Rather, head back to the terminal, and paste in
{"cmd": "receiveCredential"}
Then, head back to the ACA-Py Admin UI and press the blue Execute
button. If all was successful, you should have an output of
{"error":0,"result":"Receive Credential"}
If you were not able to press the blue Execute
button within the ACA-Py admin UI, double check that the JSON you put in the body
box is correct. It might help to go ahead and search up a JSON formatter online to help point out extra commas or brackets, etc.
If all was not successful, see the above [forming connection] section for debugging information for ACA-Py. Otherwise, try investigating the logs of the ACA-Py Agent with sudo docker-compose logs
.
Similarly, for this section, we'll prepare our ACA-Py Admin UI portion first.
Now, in order to issue a credential, we'll need to prepare the endpoint within your ACA-Py Admin UI.
Head to the present-proof v1.0
section, then click on the green POST /present-proof/send-request
section. Press on the button Try it out
. In the body
section, fill out the present proof section
{
"auto_remove": false,
"auto_verify": true,
"comment": "Perf Verification",
"connection_id": "CONNECTION_ID",
"proof_request": {
"name": "Proof request",
"nonce": "1",
"requested_attributes": {
"additionalProp1": {
"name": "score"
}
},
"requested_predicates": {},
"version": "1.0"
},
"trace": true
}
where CONNECTION_ID
is the connection ID you copied from earlier. If you did not go with the default SCHEMA
, you'll want to (within the requested_attributes
section), add additionalProp1
, additionalProp2
, ..., additionalPropn
for each of the n
attributes you have within your CRED_ATTR
, along with their respective names. After filling this out, do not press Execute
yet.
Rather, head back to the terminal, and paste in
{"cmd": "presentationExchange"}
Then, head back to the ACA-Py Admin UI and press the blue Execute
button. If all was successful, you should have an output of
{"error":0,"result":"Presentation Exchange"}
If you were not able to press the blue Execute
button within the ACA-Py admin UI, double check that the JSON you put in the body
box is correct. It might help to go ahead and search up a JSON formatter online to help point out extra commas or brackets, etc.

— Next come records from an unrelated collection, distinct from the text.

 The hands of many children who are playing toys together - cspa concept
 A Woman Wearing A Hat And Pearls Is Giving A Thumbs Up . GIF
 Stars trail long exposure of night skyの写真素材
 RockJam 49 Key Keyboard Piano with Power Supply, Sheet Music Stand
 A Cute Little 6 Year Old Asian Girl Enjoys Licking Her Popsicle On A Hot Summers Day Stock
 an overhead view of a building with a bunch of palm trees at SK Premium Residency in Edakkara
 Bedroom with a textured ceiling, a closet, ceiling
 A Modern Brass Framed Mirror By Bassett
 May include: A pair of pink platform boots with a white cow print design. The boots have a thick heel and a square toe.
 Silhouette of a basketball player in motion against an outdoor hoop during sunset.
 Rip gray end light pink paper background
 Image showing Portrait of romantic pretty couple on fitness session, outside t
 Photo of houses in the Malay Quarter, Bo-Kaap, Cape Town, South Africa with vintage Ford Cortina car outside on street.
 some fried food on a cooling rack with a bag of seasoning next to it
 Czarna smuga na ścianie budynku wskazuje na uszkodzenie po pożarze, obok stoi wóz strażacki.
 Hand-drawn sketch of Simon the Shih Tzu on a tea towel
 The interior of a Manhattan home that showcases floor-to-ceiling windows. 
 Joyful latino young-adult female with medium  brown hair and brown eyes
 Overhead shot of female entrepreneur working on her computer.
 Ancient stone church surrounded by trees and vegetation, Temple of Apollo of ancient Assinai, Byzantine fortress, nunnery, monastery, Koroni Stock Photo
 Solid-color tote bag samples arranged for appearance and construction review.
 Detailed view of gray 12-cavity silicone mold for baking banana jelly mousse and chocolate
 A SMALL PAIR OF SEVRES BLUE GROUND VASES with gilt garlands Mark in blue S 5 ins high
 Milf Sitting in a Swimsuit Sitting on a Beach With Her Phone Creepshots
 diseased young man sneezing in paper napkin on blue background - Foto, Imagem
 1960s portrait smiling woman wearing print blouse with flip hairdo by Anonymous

If all was not successful, see the above [forming connection] section for debugging information for ACA-Py. Otherwise, try investigating the logs of the ACA-Py Agent with sudo docker-compose logs
.
And that's it! Hopefully, during some step of this process, you extracted out more useful logs. Once you get everything to return all successful results, (in theory) everything should be working (and you should be able to uncomment out the logger and run the load test via the browser like normal).